TASK REQUIREMENTS:
Copy all the records exactly, but keep the pictures out of your version.

ENTRIES SUPPLIED:
__________

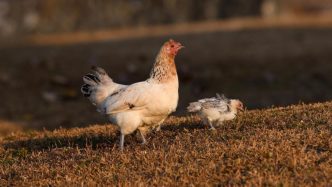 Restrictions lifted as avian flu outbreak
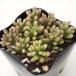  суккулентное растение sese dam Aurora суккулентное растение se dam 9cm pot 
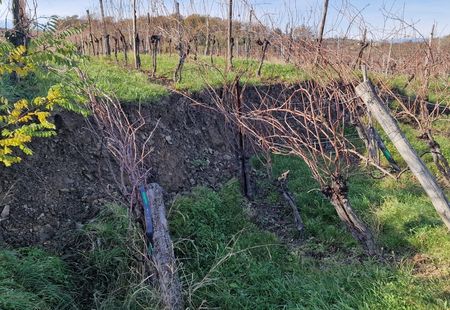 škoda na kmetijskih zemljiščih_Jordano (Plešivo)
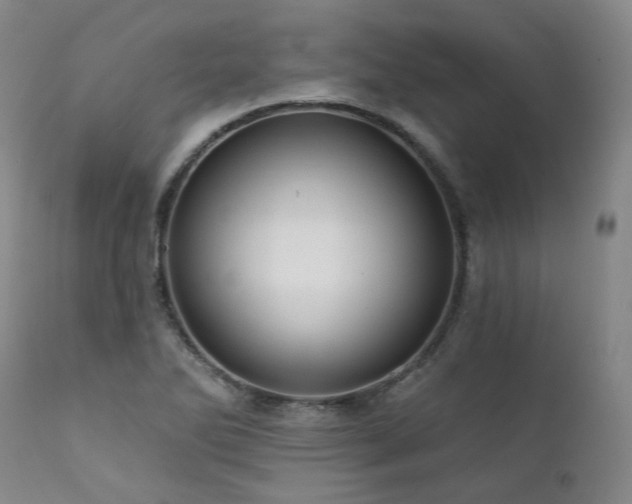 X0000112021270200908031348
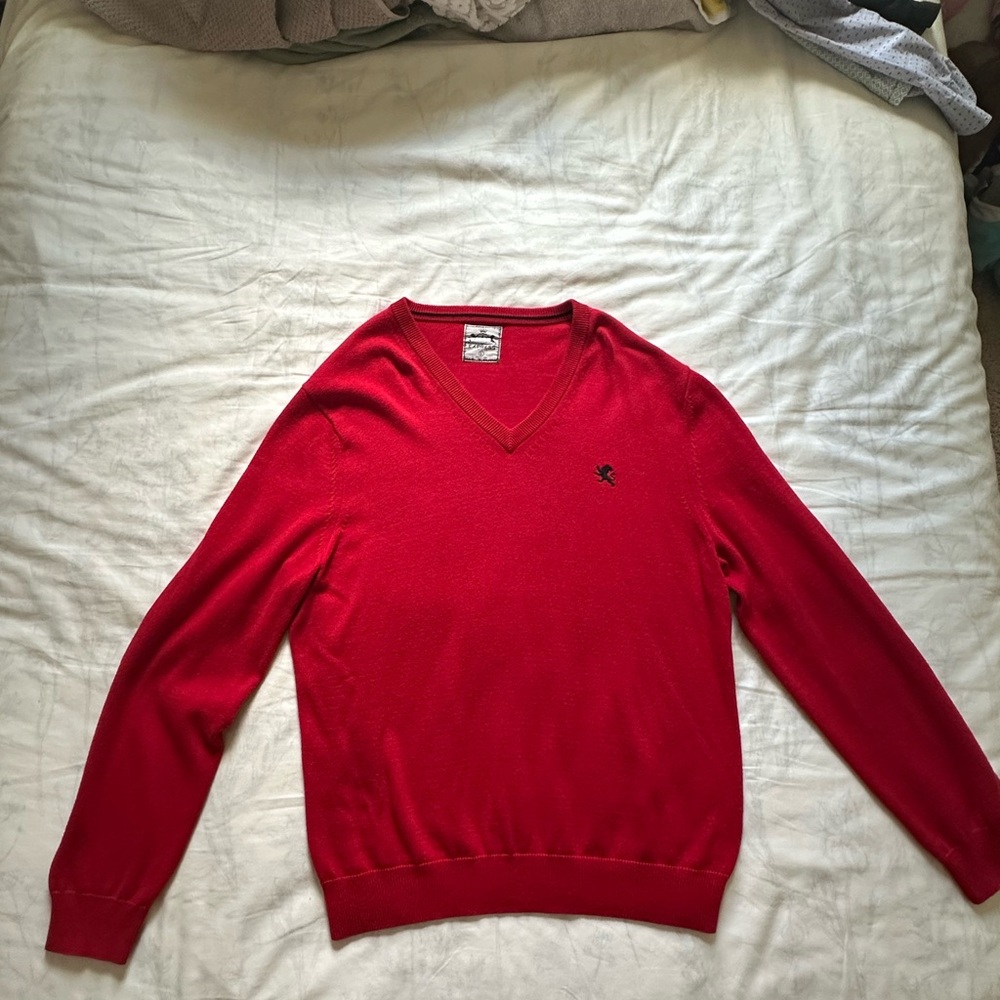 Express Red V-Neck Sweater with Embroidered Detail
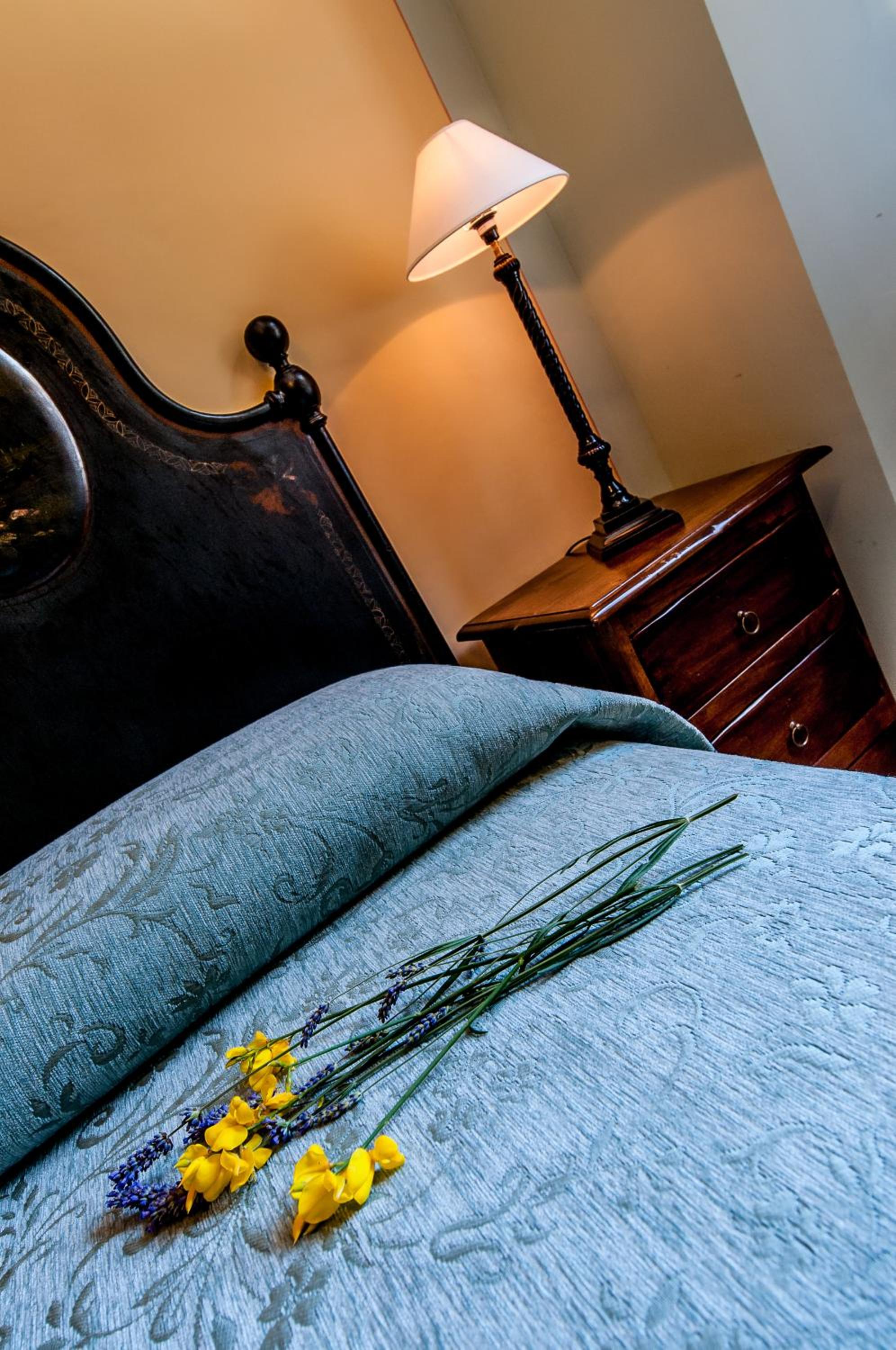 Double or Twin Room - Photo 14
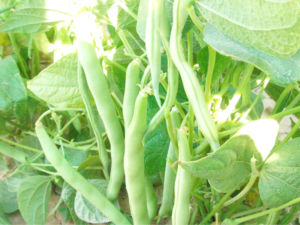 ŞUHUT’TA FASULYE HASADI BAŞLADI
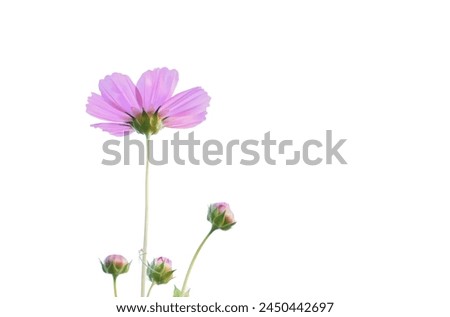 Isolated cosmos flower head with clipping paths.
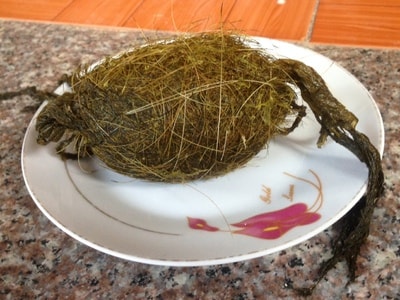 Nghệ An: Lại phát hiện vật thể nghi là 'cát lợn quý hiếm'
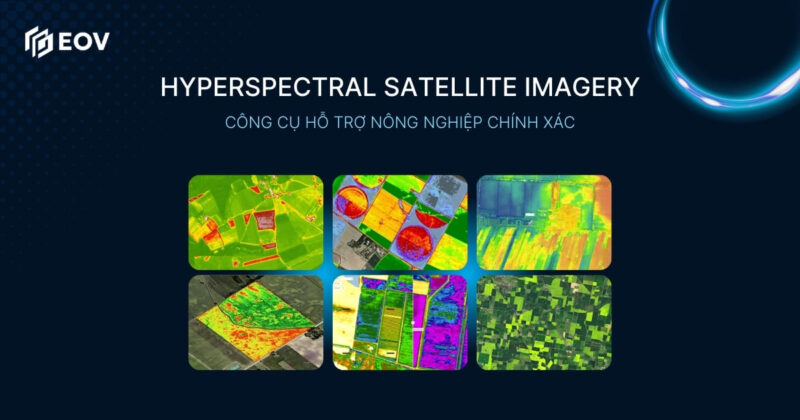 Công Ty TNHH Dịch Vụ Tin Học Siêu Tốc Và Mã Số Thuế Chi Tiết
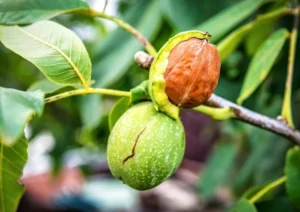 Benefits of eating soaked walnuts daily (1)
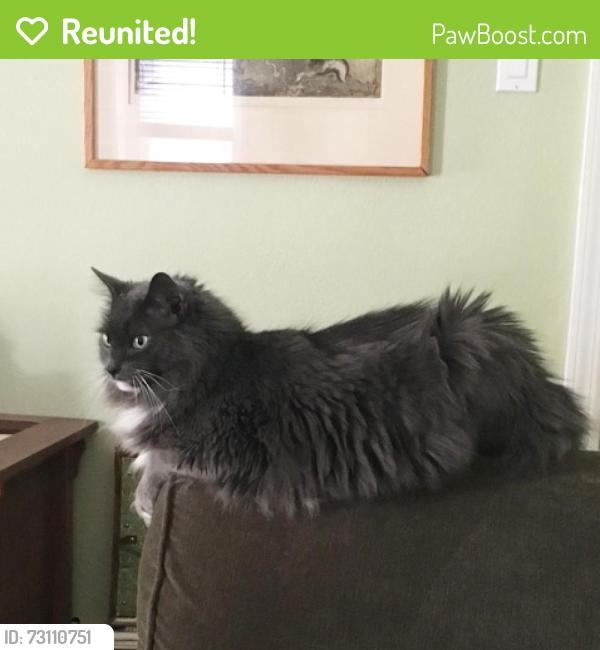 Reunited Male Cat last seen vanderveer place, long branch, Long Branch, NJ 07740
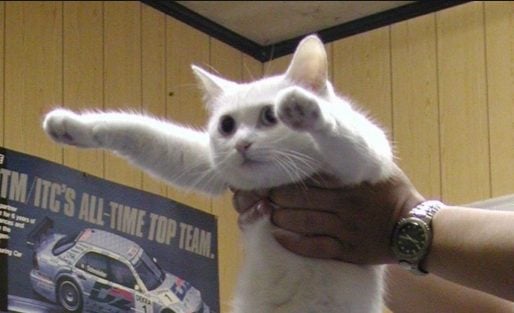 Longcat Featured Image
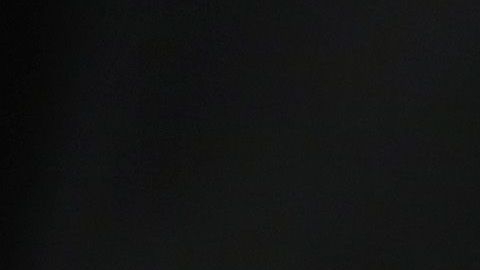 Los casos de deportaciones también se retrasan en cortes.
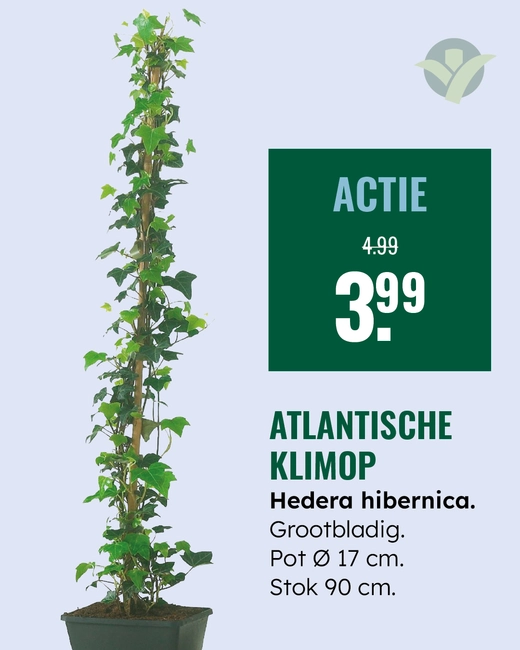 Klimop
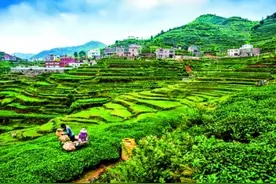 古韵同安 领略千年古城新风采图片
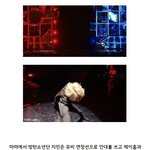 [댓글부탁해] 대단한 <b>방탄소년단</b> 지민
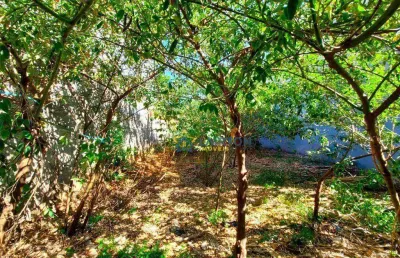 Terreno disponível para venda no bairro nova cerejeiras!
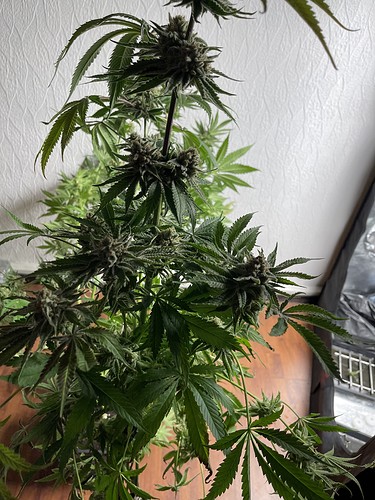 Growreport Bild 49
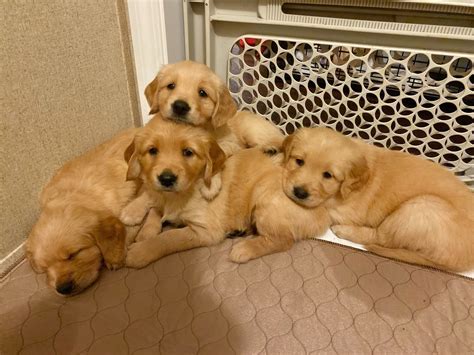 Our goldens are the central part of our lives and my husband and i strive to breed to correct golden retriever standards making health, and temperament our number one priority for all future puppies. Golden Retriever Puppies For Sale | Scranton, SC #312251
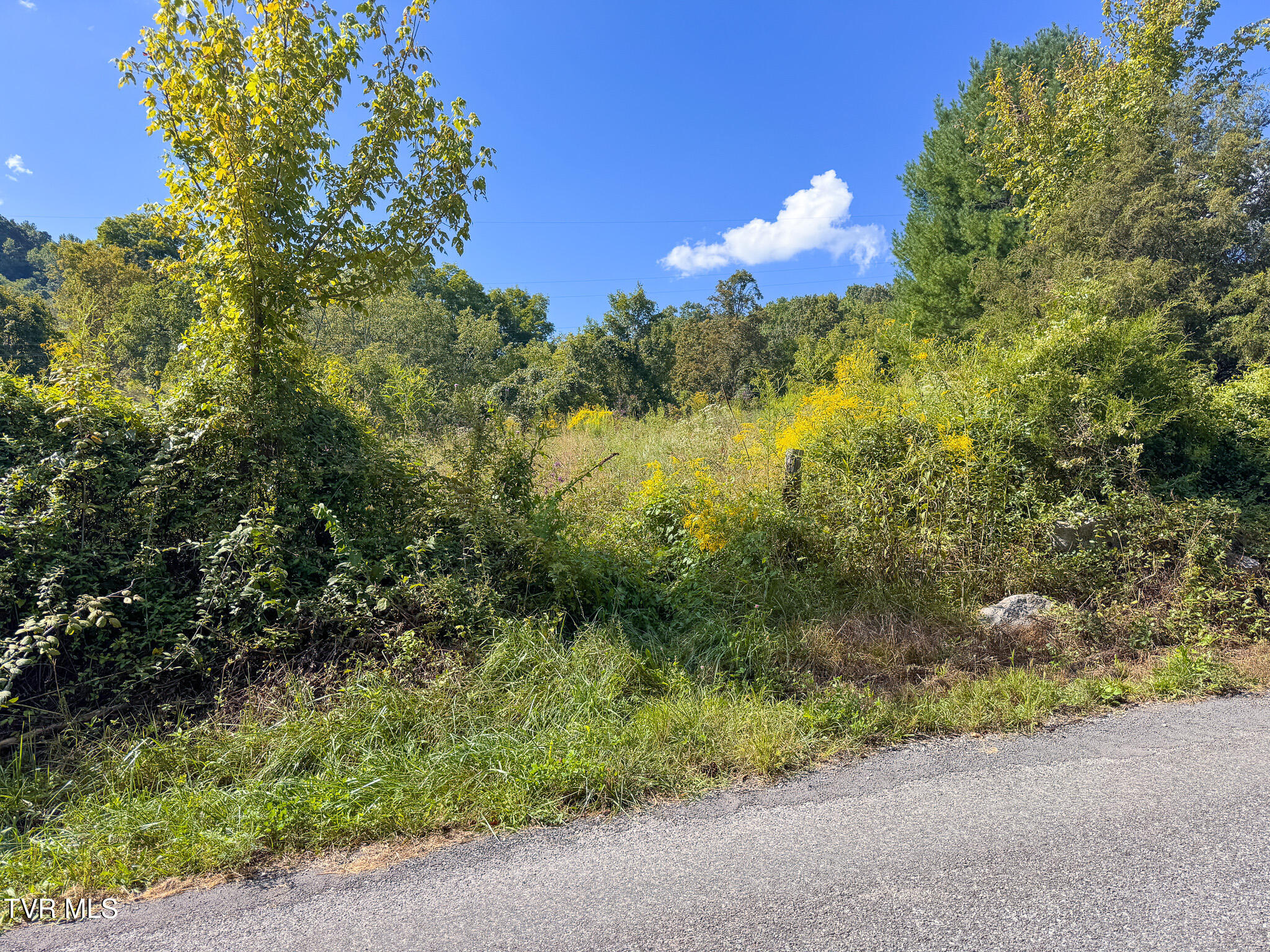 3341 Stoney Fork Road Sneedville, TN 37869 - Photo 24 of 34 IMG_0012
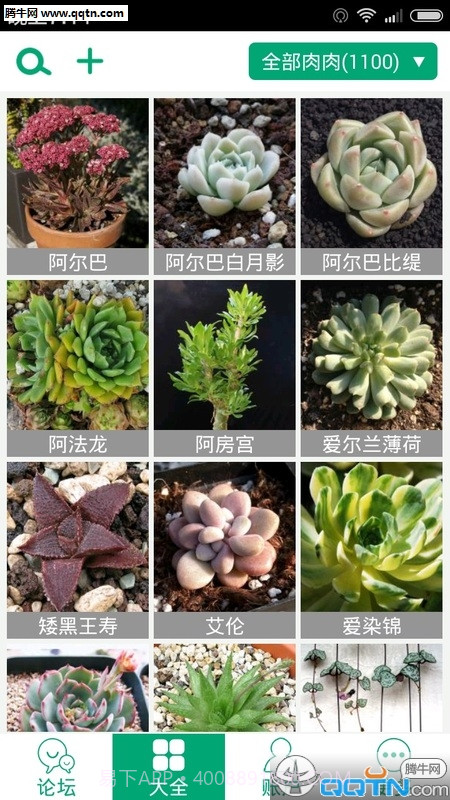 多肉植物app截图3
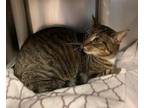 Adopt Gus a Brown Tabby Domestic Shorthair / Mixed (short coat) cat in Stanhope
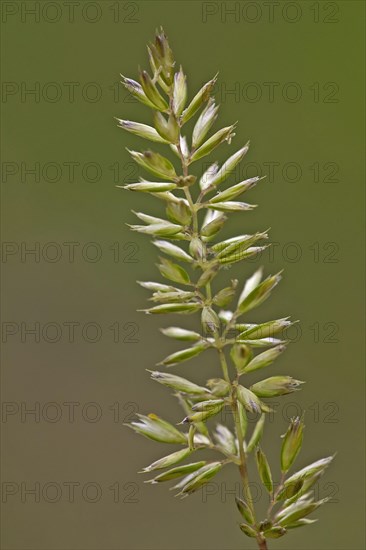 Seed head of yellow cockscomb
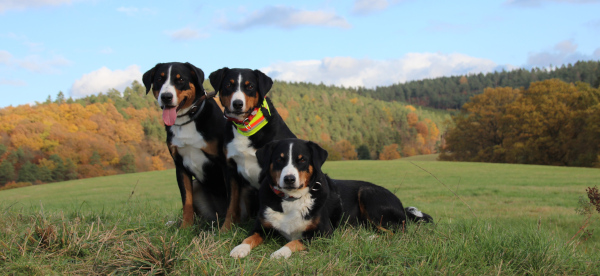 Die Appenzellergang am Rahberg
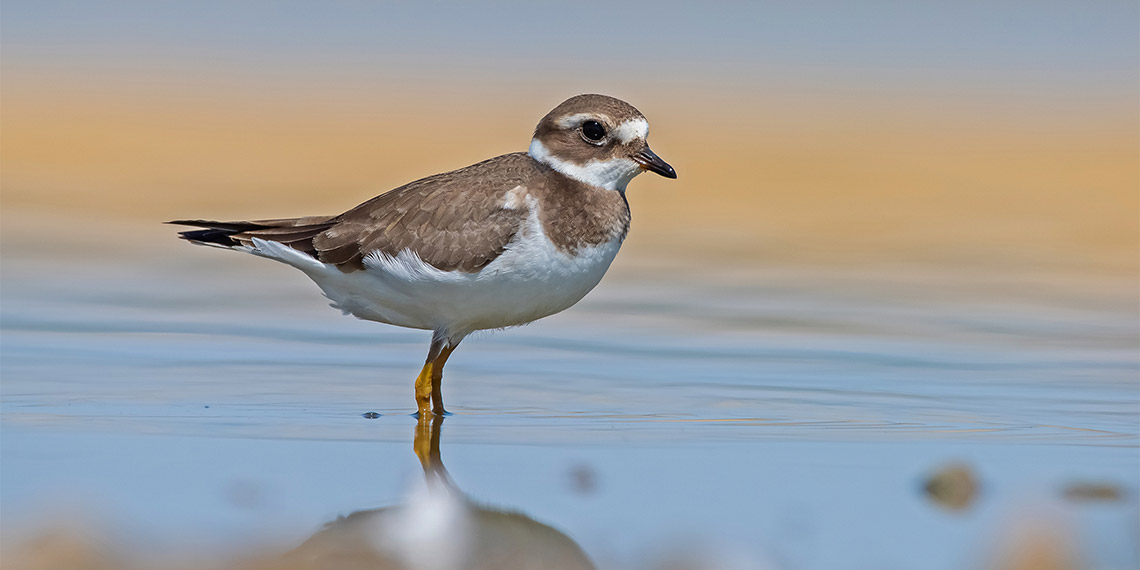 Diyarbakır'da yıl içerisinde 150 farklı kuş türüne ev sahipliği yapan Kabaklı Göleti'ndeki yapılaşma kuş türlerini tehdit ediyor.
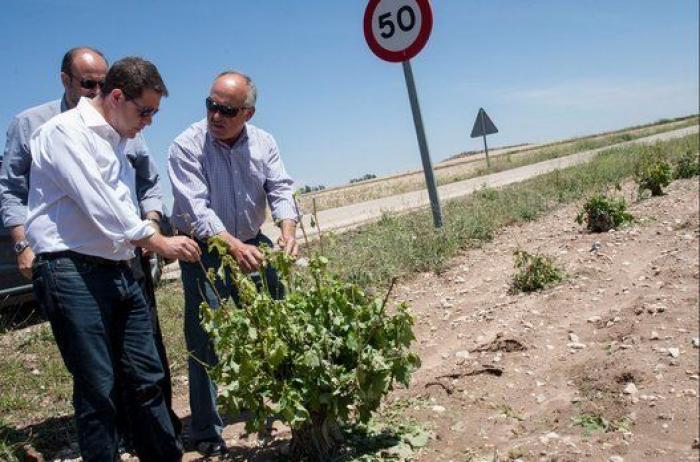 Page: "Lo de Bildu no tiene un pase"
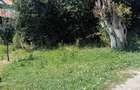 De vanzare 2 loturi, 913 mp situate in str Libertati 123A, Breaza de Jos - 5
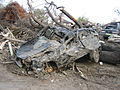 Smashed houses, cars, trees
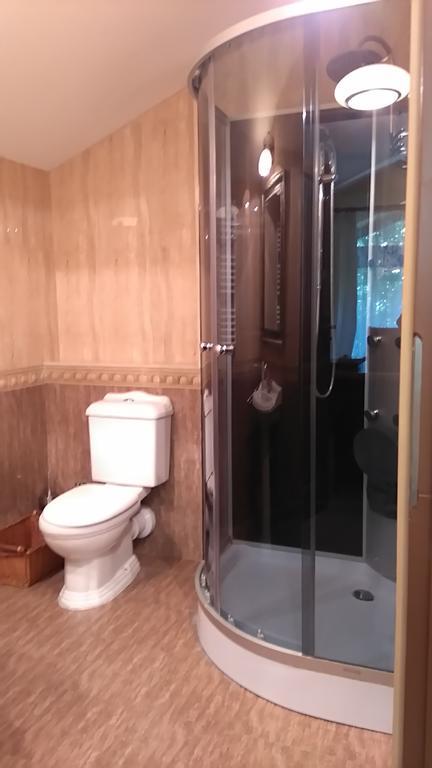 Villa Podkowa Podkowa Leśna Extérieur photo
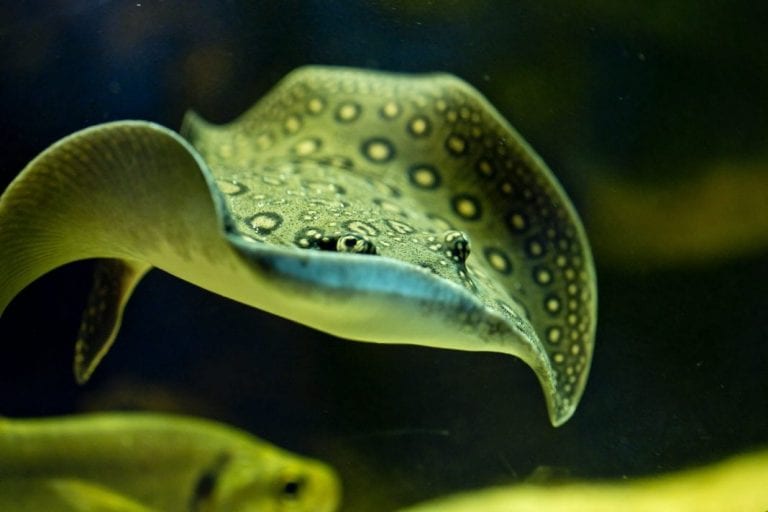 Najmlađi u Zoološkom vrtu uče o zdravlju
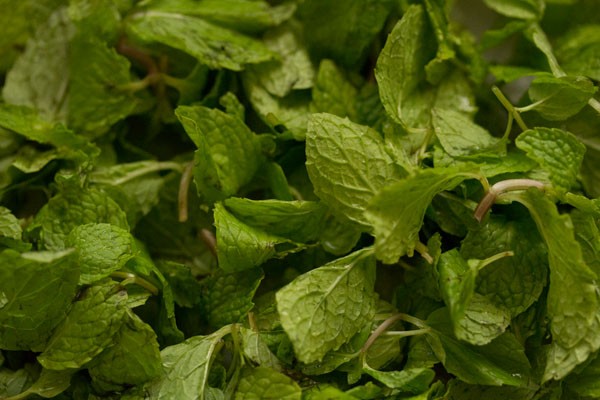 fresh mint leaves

__________

THE ANSWER:
 Restrictions lifted as avian flu outbreak
  суккулентное растение sese dam Aurora суккулентное растение se dam 9cm pot 
 škoda na kmetijskih zemljiščih_Jordano (Plešivo)
 X0000112021270200908031348
 Express Red V-Neck Sweater with Embroidered Detail
 Double or Twin Room - Photo 14
 ŞUHUT’TA FASULYE HASADI BAŞLADI
 Isolated cosmos flower head with clipping paths.
 Nghệ An: Lại phát hiện vật thể nghi là 'cát lợn quý hiếm'
 Công Ty TNHH Dịch Vụ Tin Học Siêu Tốc Và Mã Số Thuế Chi Tiết
 Benefits of eating soaked walnuts daily (1)
 Reunited Male Cat last seen vanderveer place, long branch, Long Branch, NJ 07740
 Longcat Featured Image
 Los casos de deportaciones también se retrasan en cortes.
 Klimop
 古韵同安 领略千年古城新风采图片
 [댓글부탁해] 대단한 <b>방탄소년단</b> 지민
 Terreno disponível para venda no bairro nova cerejeiras!
 Growreport Bild 49
 Our goldens are the central part of our lives and my husband and i strive to breed to correct golden retriever standards making health, and temperament our number one priority for all future puppies. Golden Retriever Puppies For Sale | Scranton, SC #312251
 3341 Stoney Fork Road Sneedville, TN 37869 - Photo 24 of 34 IMG_0012
 多肉植物app截图3
 Adopt Gus a Brown Tabby Domestic Shorthair / Mixed (short coat) cat in Stanhope
 Seed head of yellow cockscomb
 Die Appenzellergang am Rahberg
 Diyarbakır'da yıl içerisinde 150 farklı kuş türüne ev sahipliği yapan Kabaklı Göleti'ndeki yapılaşma kuş türlerini tehdit ediyor.
 Page: "Lo de Bildu no tiene un pase"
 De vanzare 2 loturi, 913 mp situate in str Libertati 123A, Breaza de Jos - 5
 Smashed houses, cars, trees
 Villa Podkowa Podkowa Leśna Extérieur photo
 Najmlađi u Zoološkom vrtu uče o zdravlju
 fresh mint leaves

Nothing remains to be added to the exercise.